A serious European hotel operator has filed for insolvency proceedings, sparking issues about what lies forward for its properties all through Europe.
Revo Hospitality Group, previously HR Group, was established in 2008 and is Europe’s greatest white-label hotel operator – a third-celebration management company that operates inns on behalf of house owners with out that includes its own branding.
The firm oversees more than 260 inns throughout 12 European international locations and 146 cities. The assortment consists of many inns operating below distinguished franchise names like Hilton and ibis Styles, in addition to its own manufacturers, together with Hyperion.
Last week, the company introduced plans to restructure by way of self-administration by summer time, whereas noting that inns in two nations would stay operational.
The company acknowledged: “Around 140 companies belonging to the Revo Hospitality Group have filed for insolvency under their own management at Charlottenburg District Court. The approximately 125 hotels in Germany and Austria will continue to operate with all 5,500 employees. The proceedings will be supervised by court-appointed administrators.”
In a press release, the company clarified: “With the economic crisis, 140 companies, including the management and holding company, got into difficulties.
“In specific, elevated wage prices and the sharp rise in minimal wages, but in addition greater prices for rent, vitality and food, are weighing on the business. Above all, the sturdy growth of the Revo Hospitality Group lately led to duplicate buildings and integration issues.”
Where does Revo Hospitality Group operate hotels?
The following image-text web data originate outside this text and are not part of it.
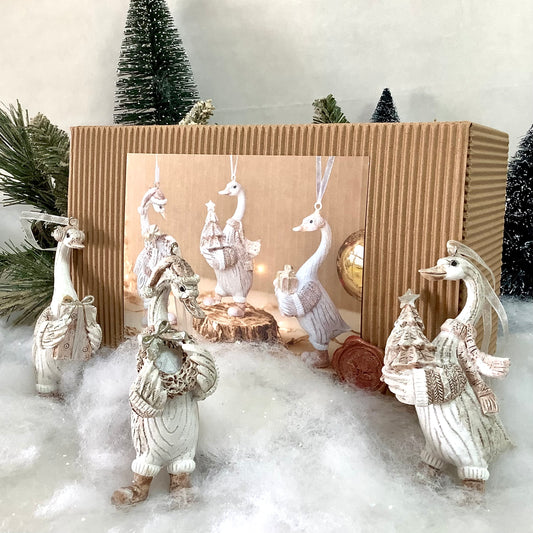Figurines oies beige décoration de Noël résine ht 10.5 cm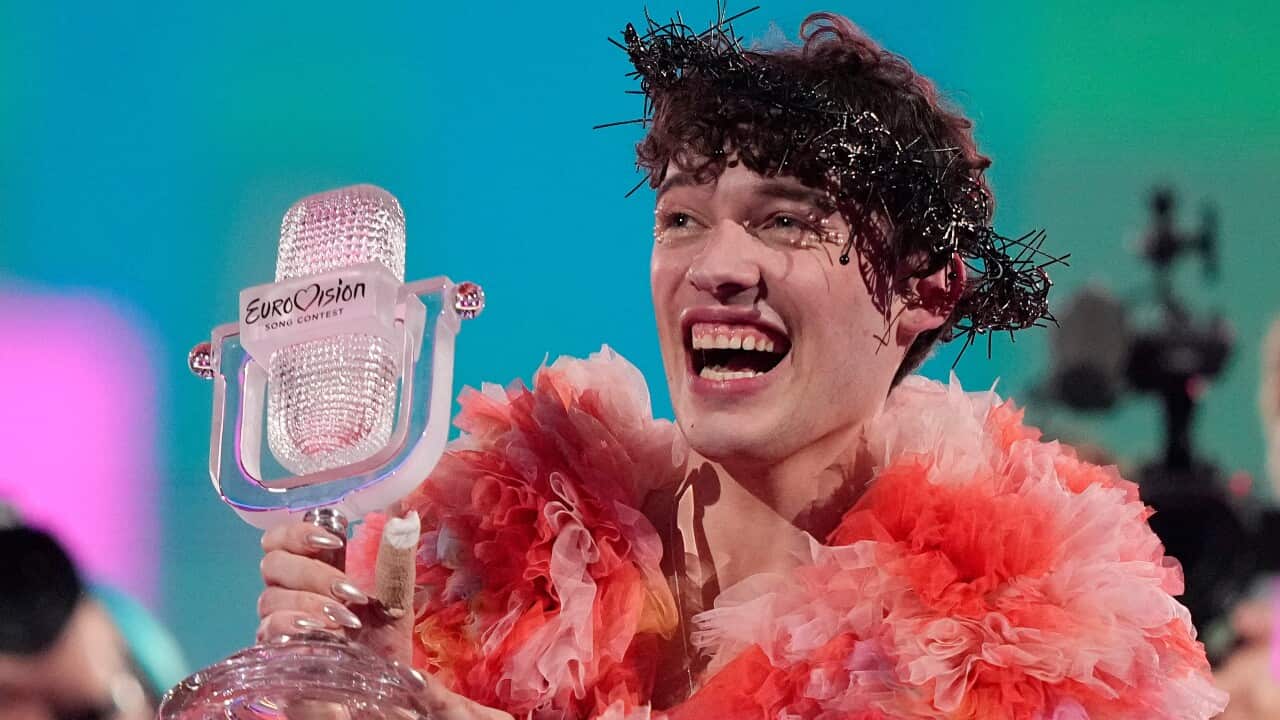 Nemo of Switzerland, holds their trophy and celebrates after winning the Grand Final of the Eurovision Song Contest 2024 in Sweden.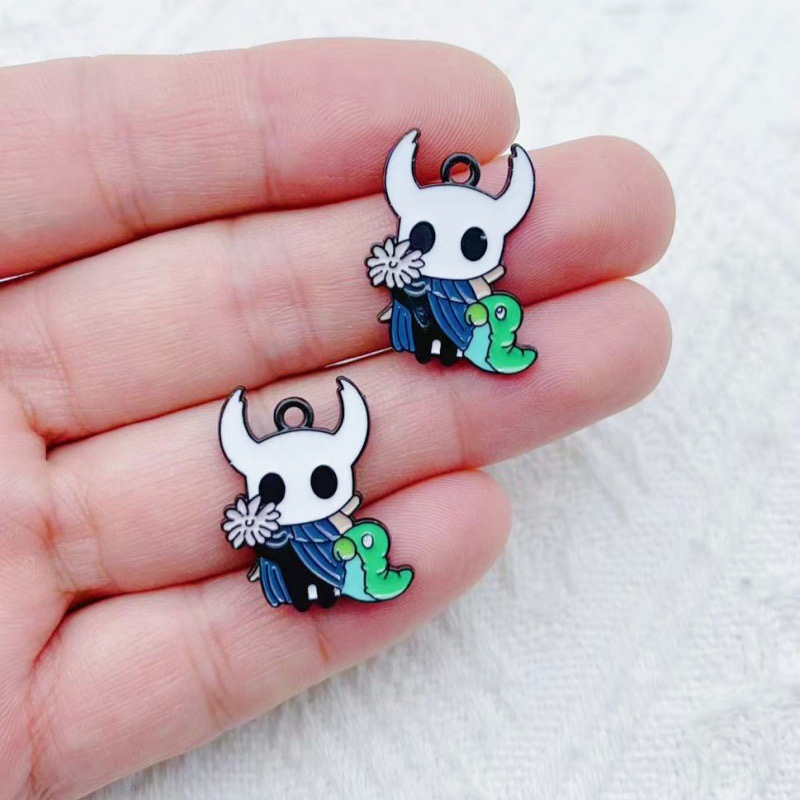 10pcs alloy drip oil cartoon a - Party Games Event 评论和价格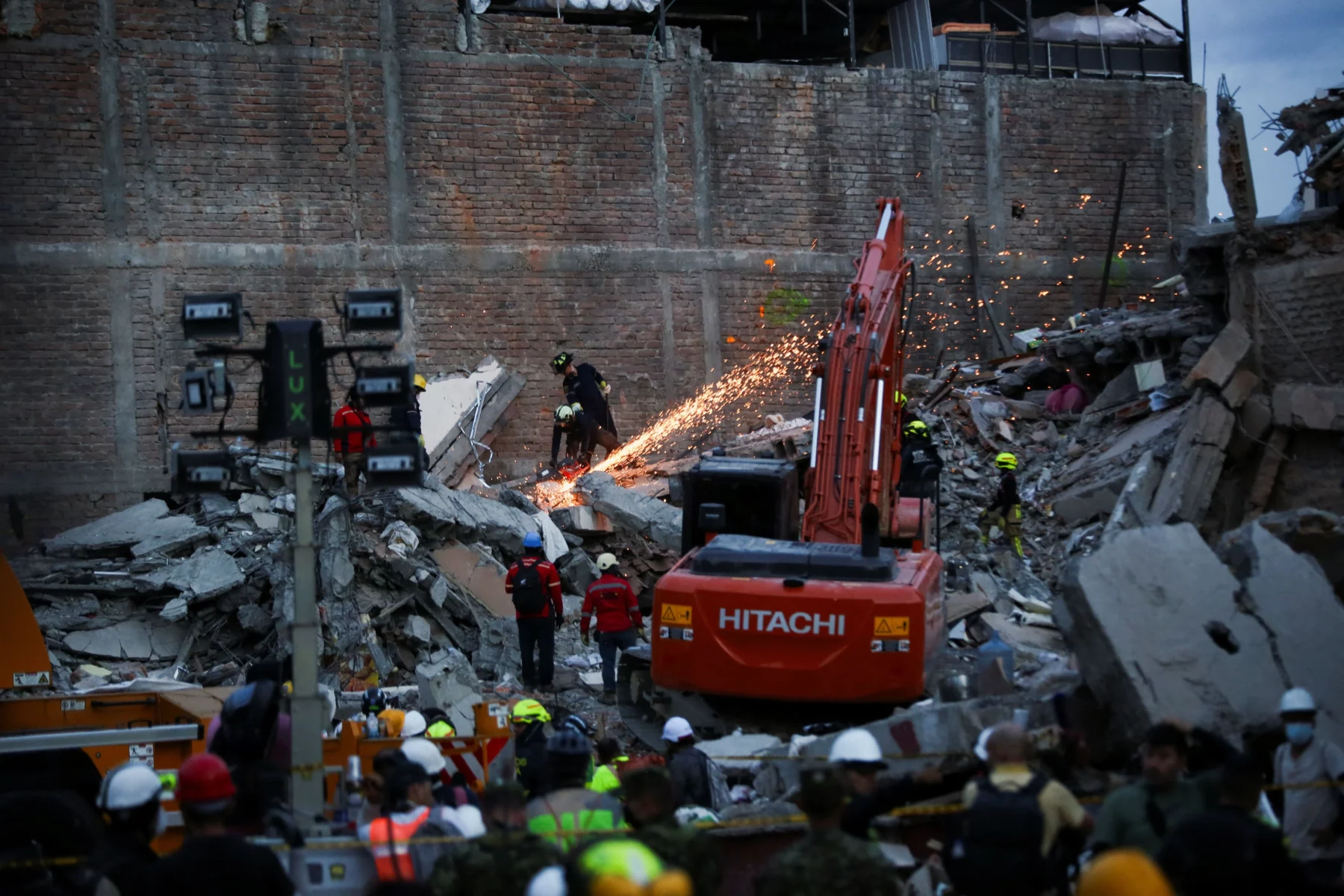 Rescue workers, excavator, sparks at earthquake rubble site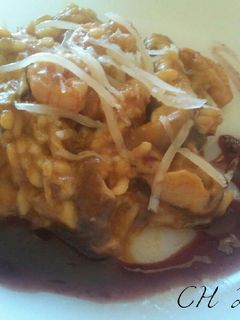 Una foto de Risotto de boletus y langostinos con coulis de mora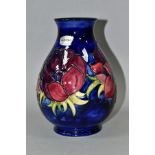 A MOORCROFT POTTERY BALUSTER VASE, decorated with anemone pattern on a dark blue ground, silver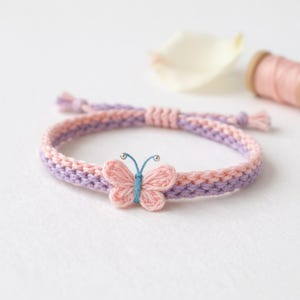 Puede incluir: Pulsera hecha a mano con diseño de punto rosa y lavanda. La pulsera tiene un adorno de mariposa en el centro, con cuerpo azul claro y alas rosas. Una delicada pieza de joyería.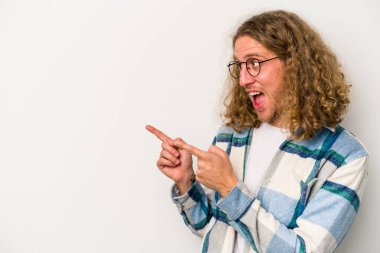 Beyaz arka planda izole genç beyaz adam parmak uzakta, gülüyor ve kaygısız.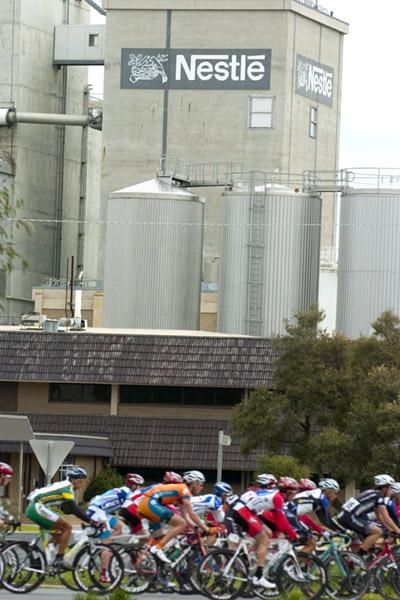 Riders pass by a Nestle factory in Tongala but didn't have time to stop for some chocolate tasting early into the first stage.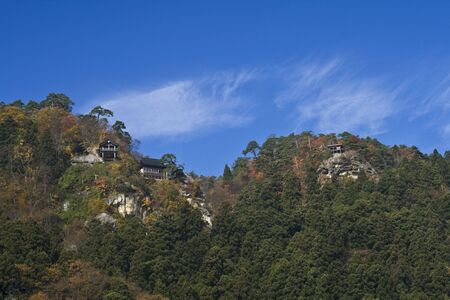 Autumn landscape in Yamadera,Japan. You can see the temples built on the steep rocky hillsides which are unusual and represent an important touristic attraction. The temples are well-known as a place for an important Japanese sect, Tendai, which is relateの写真素材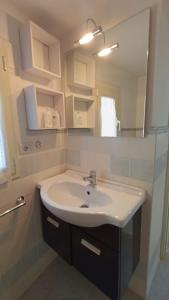 a bathroom with a sink and a mirror at Il Nido nel Borgo in Piediluco +8 photos
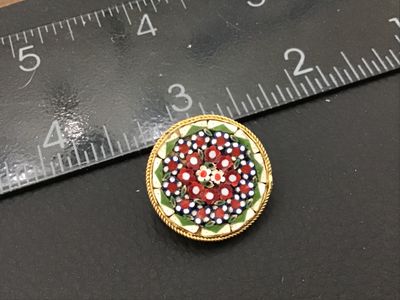 Sale Photo Thumbnail #152: Round vintage Italian micro mosaic pin or brooch featuring a colorful floral pattern with red, white, blue, and green glass tesserae set in a gold-tone twisted wire frame. Pin measures approximately 1 inch in diameter. Features a classic C-clasp/pin back.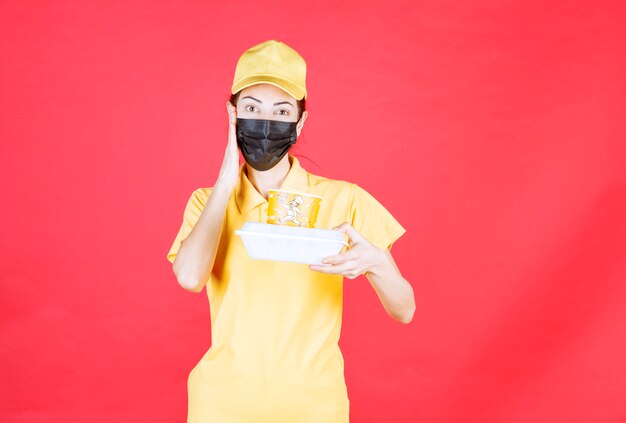 Kurierin in gelber Uniform und schwarzer Maske, die ein Paket zum Mitnehmen hält und verwirrt und nachdenklich aussieht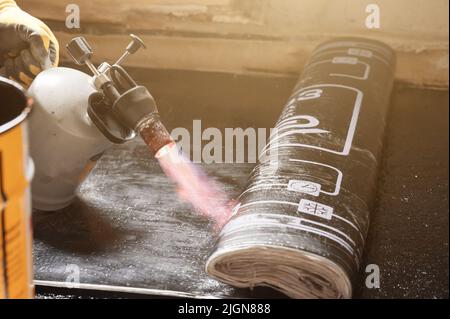 installazione del rivestimento impermeabilizzante sul pavimento con cannello e resina, lavori di riparazione a casa. Foto Stock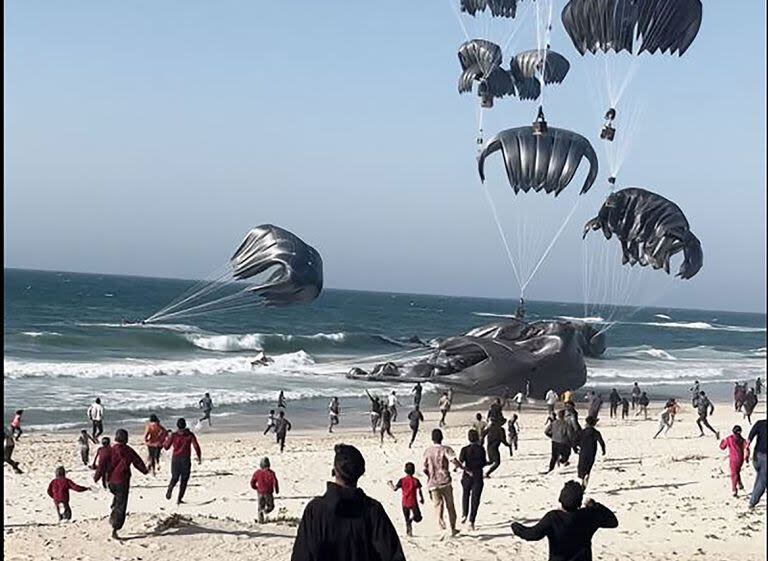 Palestinos corriendo hacia los paquetes con ayuda humanitaria lanzados desde aviones hacia la Franja de Gaza, el 2 de marzo de 2024 (Aline MANOUKIAN / AFP)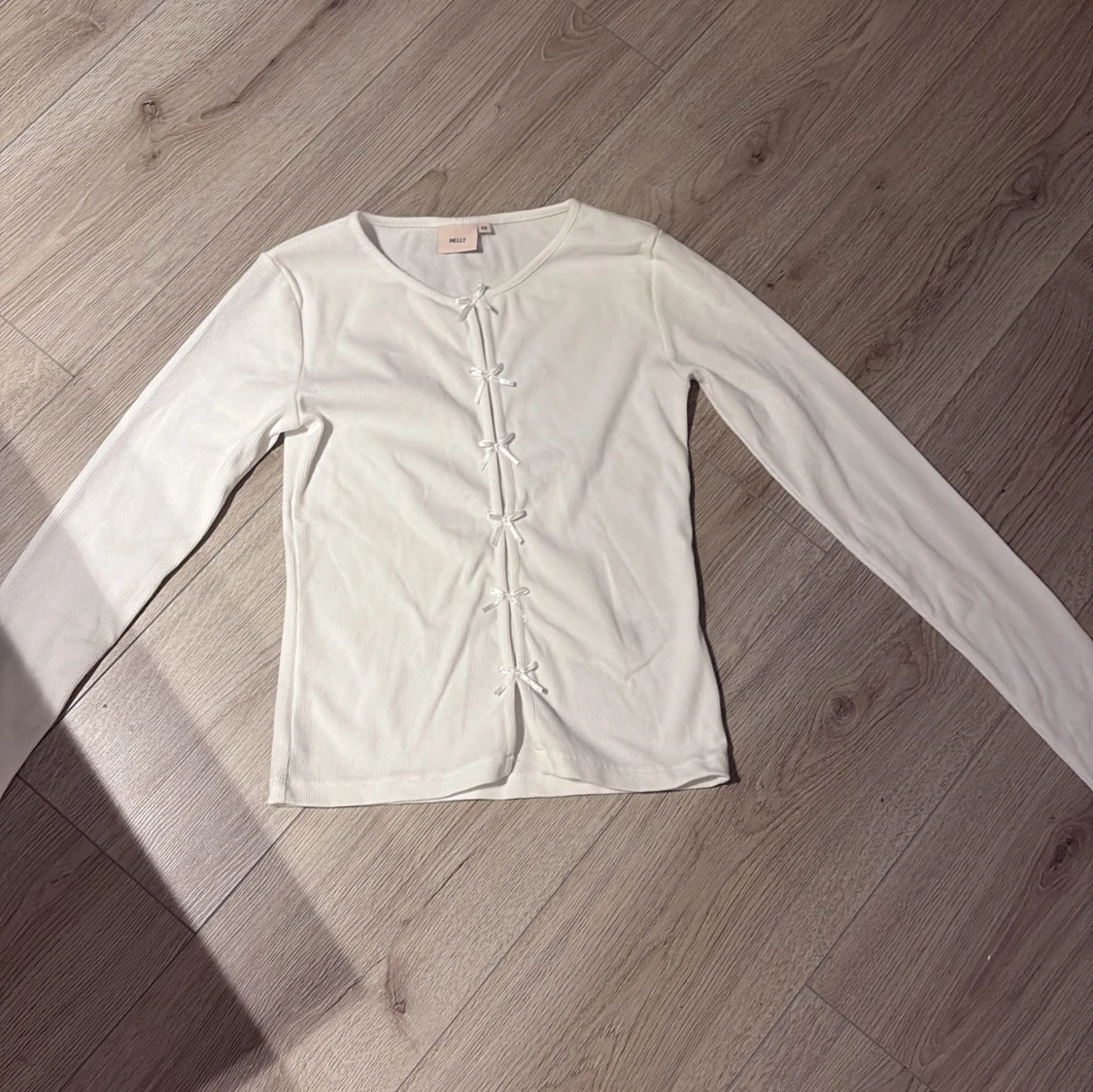 Vit ribbad topp med rosetter från Nelly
The company’s properties span Switzerland, France, the Netherlands, Czech Republic, Italy, Poland and Spain, with the majority of Revo Hospitality’s hotels situated in Germany. When announcing insolvency proceedings last week, Revo Hospitality pointed to mounting costs as a major burden on operations, according to the Express.
The hotel chain purchased its inaugural property in Leipzig, Germany, back in 2008.
By 2020, it was running 51 hotels but underwent aggressive expansion in the following years, producing €1.3 billion (approximately $1.5 billion) in yearly revenue and maintaining a workforce of around 8,300 employees throughout Europe, based on reports.
The group explained: “The acquisition of the new inns concerned appreciable prices. On the opposite hand, the quantity of in a single day stays didn’t increase as anticipated and the deliberate turnover for 2025 was not achieved.”
Specialists have been enlisted to regular operations and develop a restructuring strategy.